How Line Intensity Mapping Reveals Hidden Galaxies

Light can be separated into its component wavelengths, producing what scientists call a spectrum. Astronomers study spectra (the plural of "spectrum") by looking for peaks and dips that indicate the presence of particular elements. Instead of identifying individual galaxies one at a time, Line Intensity Mapping measures how strongly a specific element appears across an entire region of space.

"Imagine you're in a plane looking down. The 'traditional' way to do galaxy surveys is like mapping the brightest cities only: you learn where the big population centers are, but you miss everyone that lives in the suburbs and small towns," explained Julian Muñoz, a HETDEX scientist, assistant professor at The University of Texas at Austin, and co-author on the paper. "Intensity mapping is like viewing the same scene through a smudged plane window: you get a blurrier picture, but you capture all the light and not just the brightest spots."

Although Line Intensity Mapping has been used before, this is the first time it has mapped Lyman alpha emission with such a large dataset and such high accuracy. The Hobby-Eberly Telescope at McDonald Observatory gathers enormous amounts of information for HETDEX as it tracks the positions of more than one million bright galaxies in an effort to better understand dark energy.
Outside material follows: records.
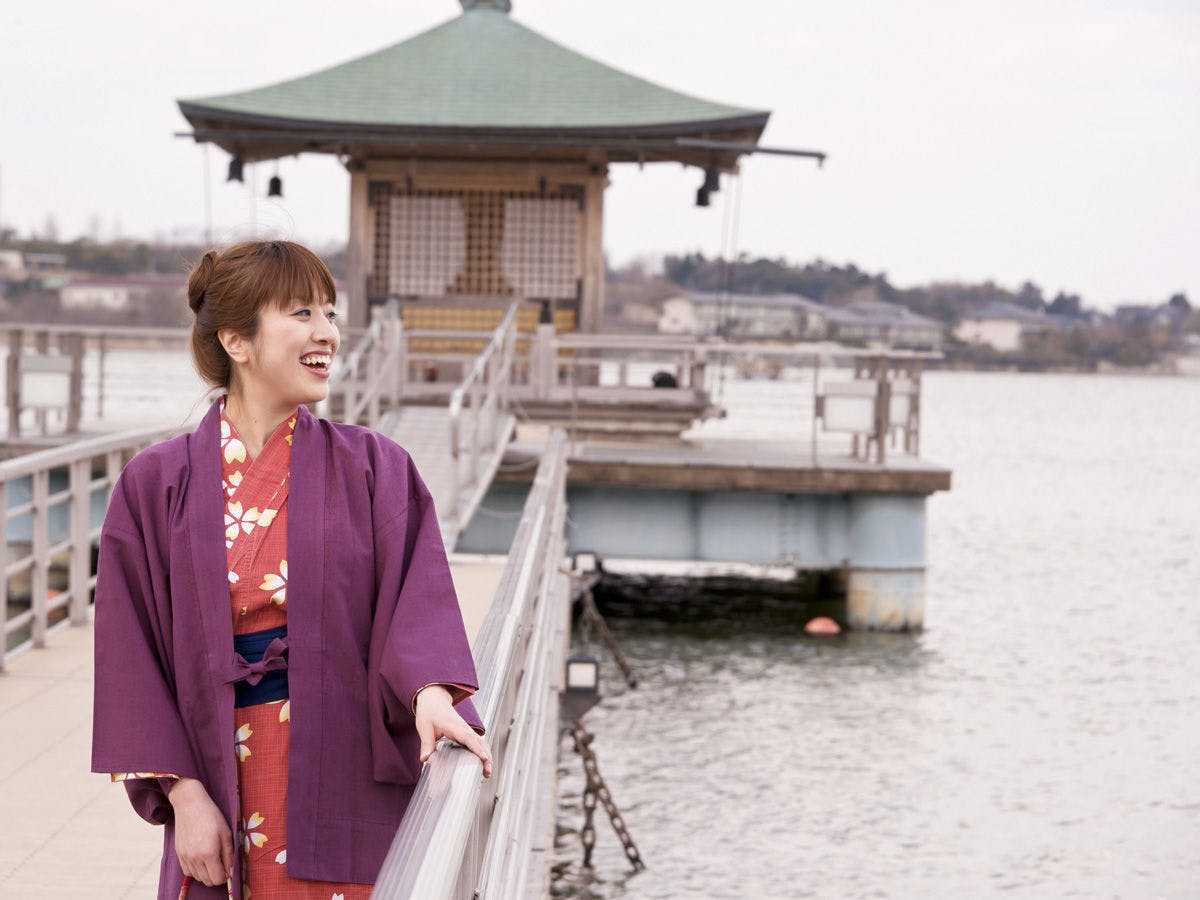 浮御堂に続く桟橋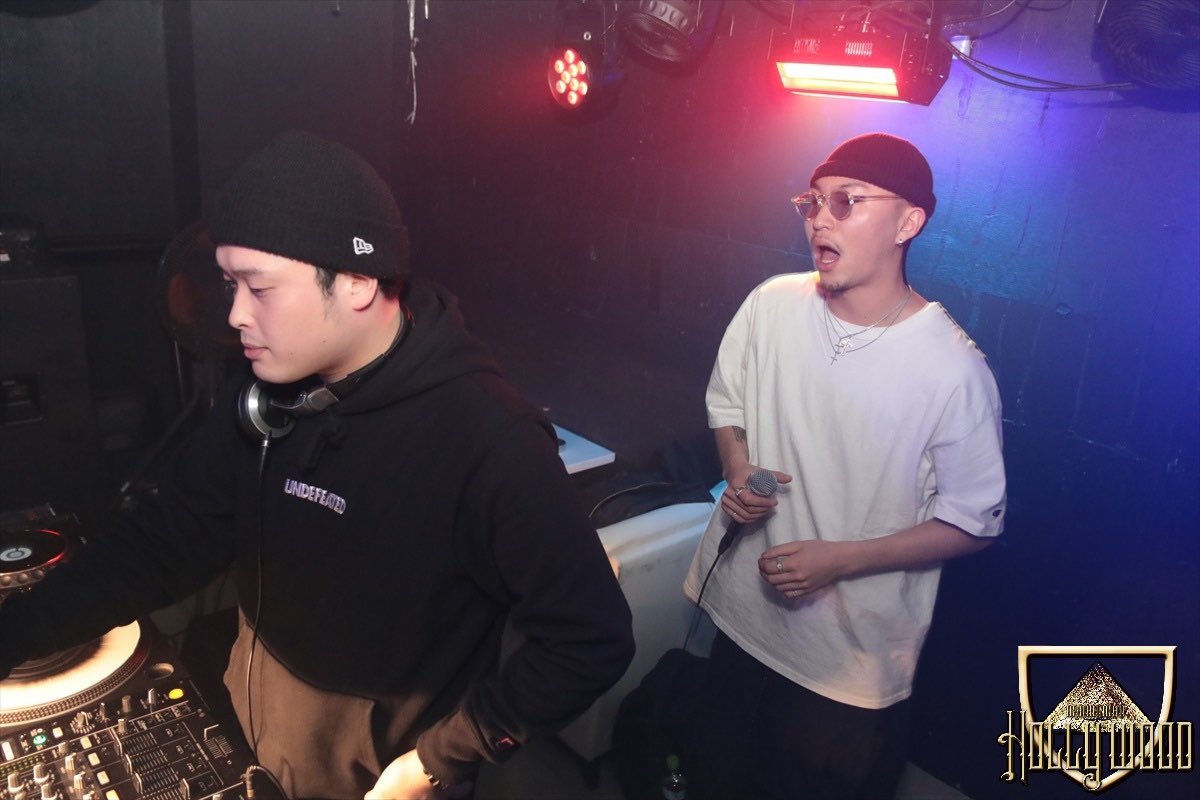 3crown_luxs tweet picture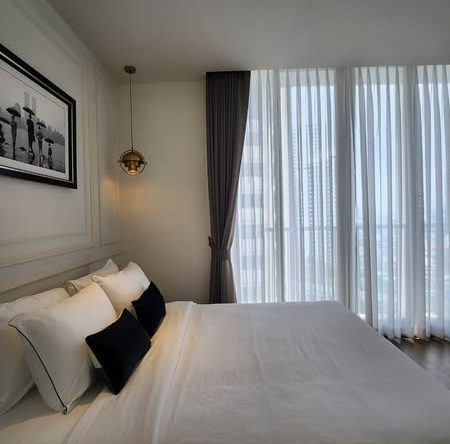 bedroom of Park Origin Phrom Phong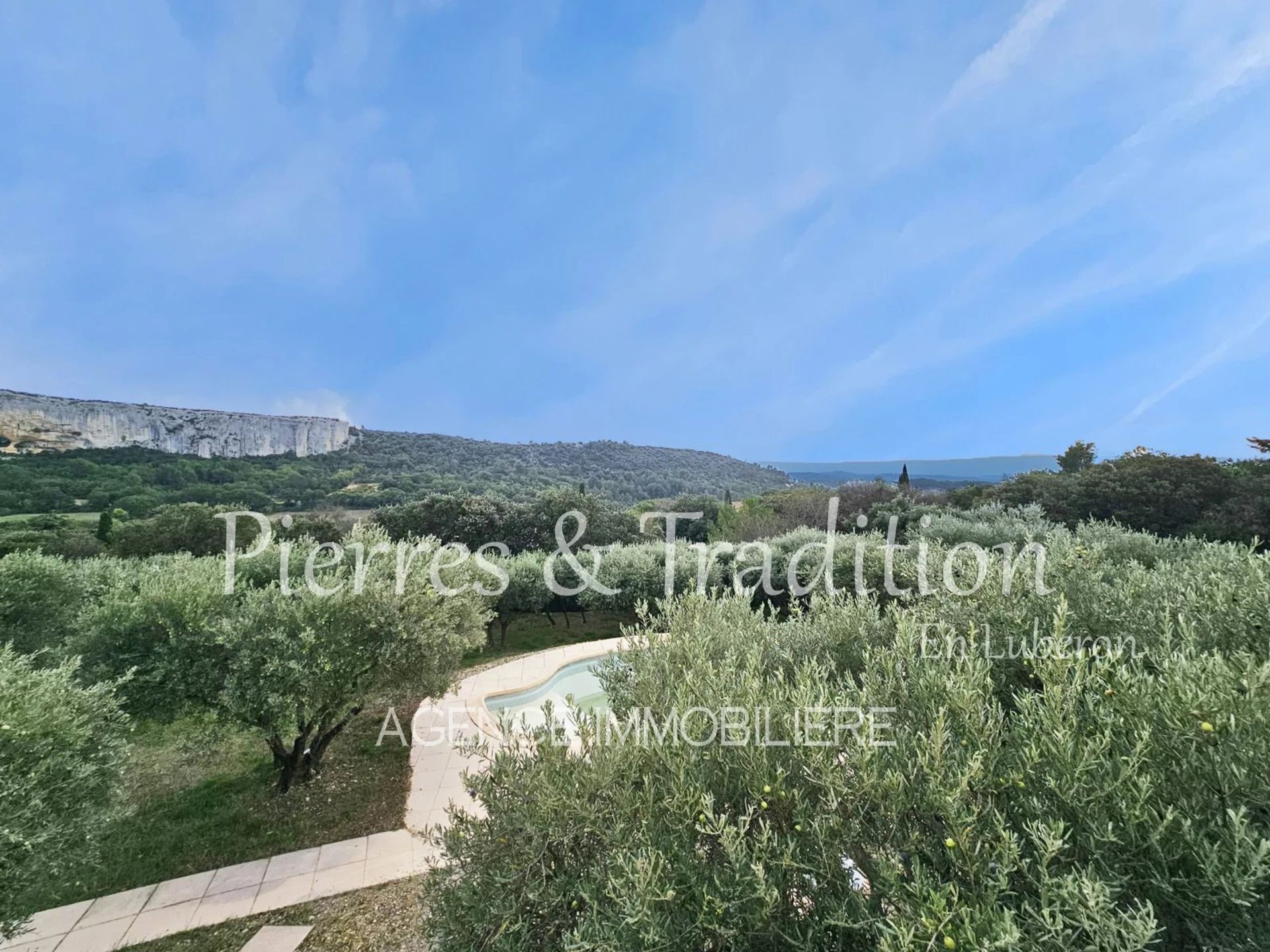 Rumah di Lioux, Provence-Alpes-Cote d'Azur 12816431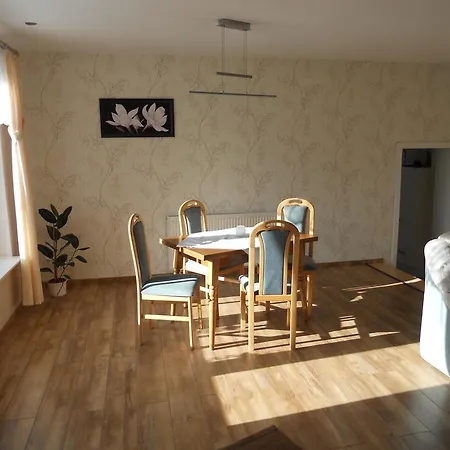 Ferienwohnung-85-qm-in-hafennaehe 萨斯尼茨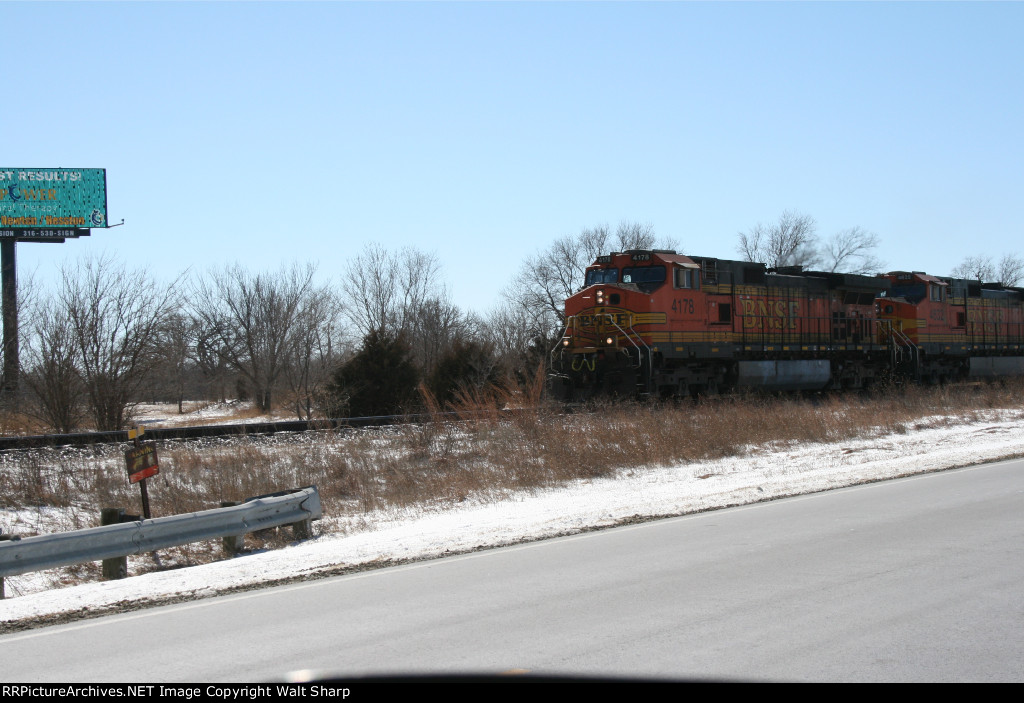 BNSF 4176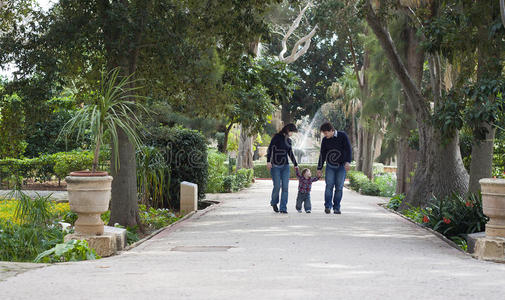 孩子和父母一起学走路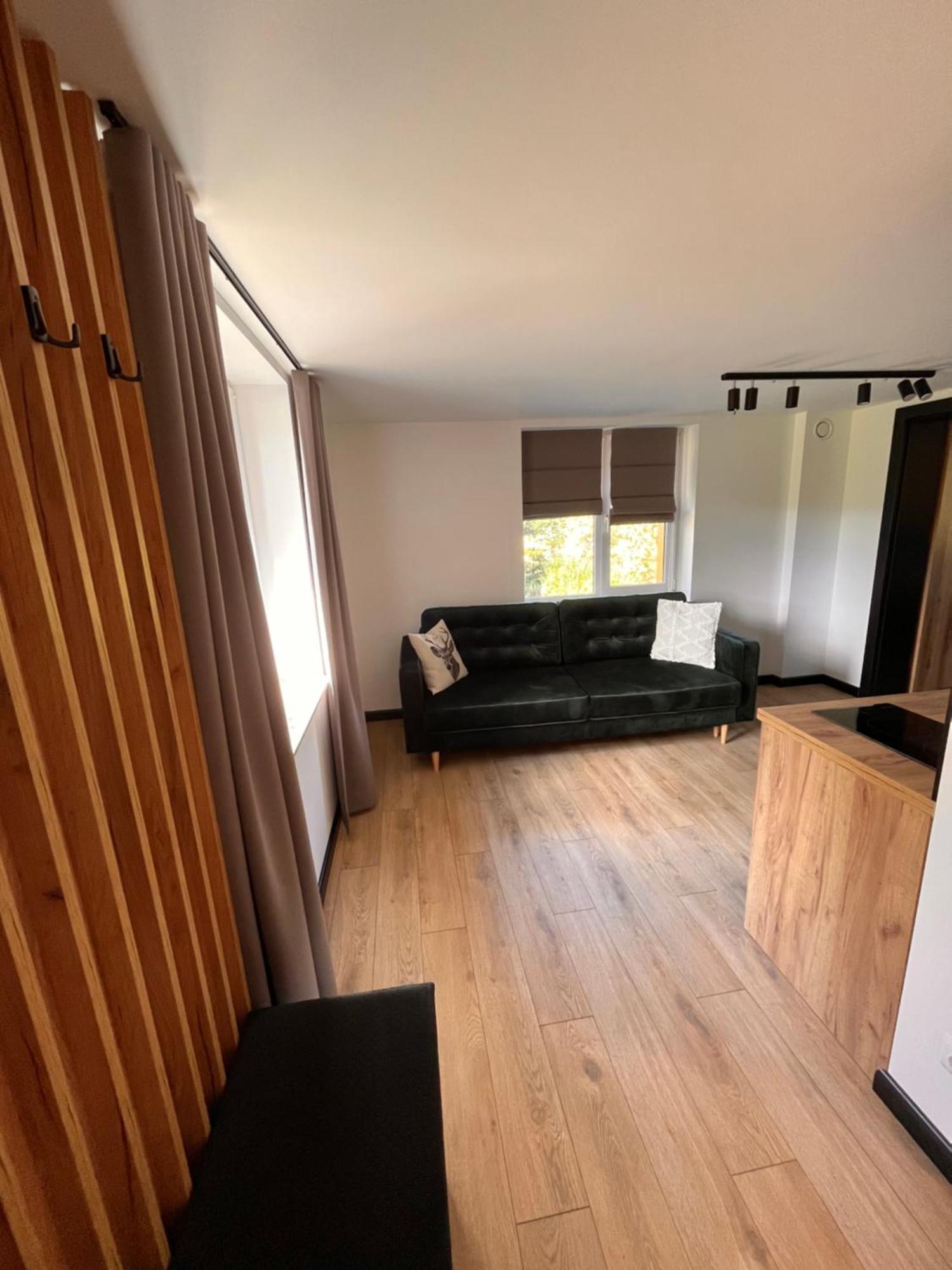 Drewno I Kamien Apartment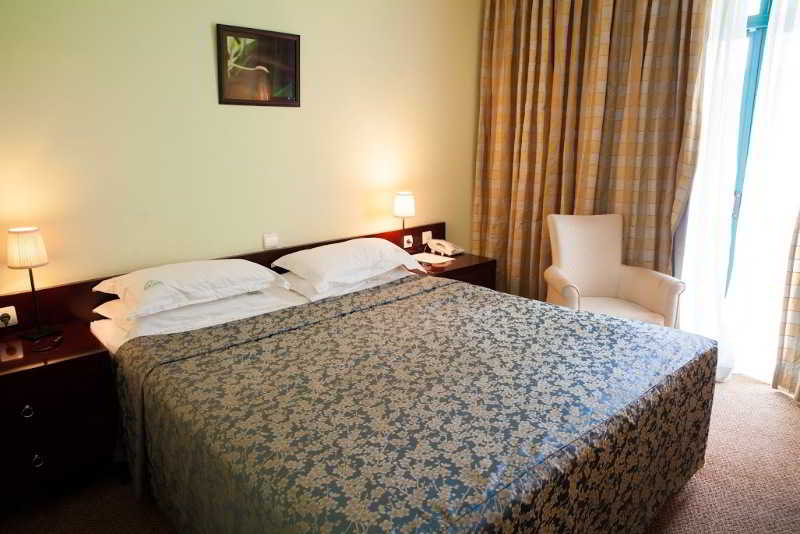 Gorillas Lake Kivu Hotel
The survey is remarkable not only for its scope but also for its data volume. Researchers have collected more than 600 million spectra from a region of sky spanning an area equivalent to more than 2,000 full Moons.

A Vast Ocean of Untapped Data

"However, we only use a small fraction of all the data we collect, around 5%," explained Karl Gebhardt, HETDEX principal investigator, chair of UT Austin's astronomy department, and co-author on the paper. "There's huge potential in using that remaining data for additional research."

"HETDEX observes everything in a patch of sky, but only a tiny amount of that data is related to the galaxies that are bright enough for the project to use," added Lujan Niemeyer. "But those galaxies are only the tip of the iceberg. There's a whole sea of light in the seemingly empty patches in between."

Supercomputers Reveal the Hidden Structure of the Cosmos

To build the new map, the researchers developed custom software and relied on supercomputers at the Texas Advanced Computing Center. These systems analyzed roughly half a petabyte of HETDEX data. The team then used the known positions of bright galaxies already cataloged by HETDEX to estimate where nearby faint galaxies and glowing gas clouds are located. Because gravity causes matter to cluster together, bright galaxies often mark regions where other objects are likely to be found.

"So, we can use the location of known galaxies as a signpost to identify the distance of the fainter objects," said Eiichiro Komatsu, a HETDEX scientist, scientific director at the Max Planck Institute for Astrophysics, and co-author on the paper. The completed map sharpens the view around bright galaxies while also revealing more detail in the previously unexplored regions between them.

"We have computer simulations of this period," continued Komatsu. "But those are just simulations, not the real universe. Now we have a foundation which can let us know if some of the astrophysics underpinning those simulations is correct."

A New Era of Mapping the Universe

The researchers plan to compare their map with other surveys that examine the same regions of space but focus on different elements. For instance, a Line Intensity Map of carbon monoxide -- which is associated with the dense, cold clouds where stars form -- could help scientists better understand the environments surrounding young stars that produce Lyman alpha radiation.

"This study is a first detection, which is exciting on its own, and it opens the door to a new era of intensity-mapping the universe," said Muñoz. "The Hobby-Eberly is a pioneering telescope. And with new, complementary instruments coming online, we're entering a golden age for mapping the cosmos."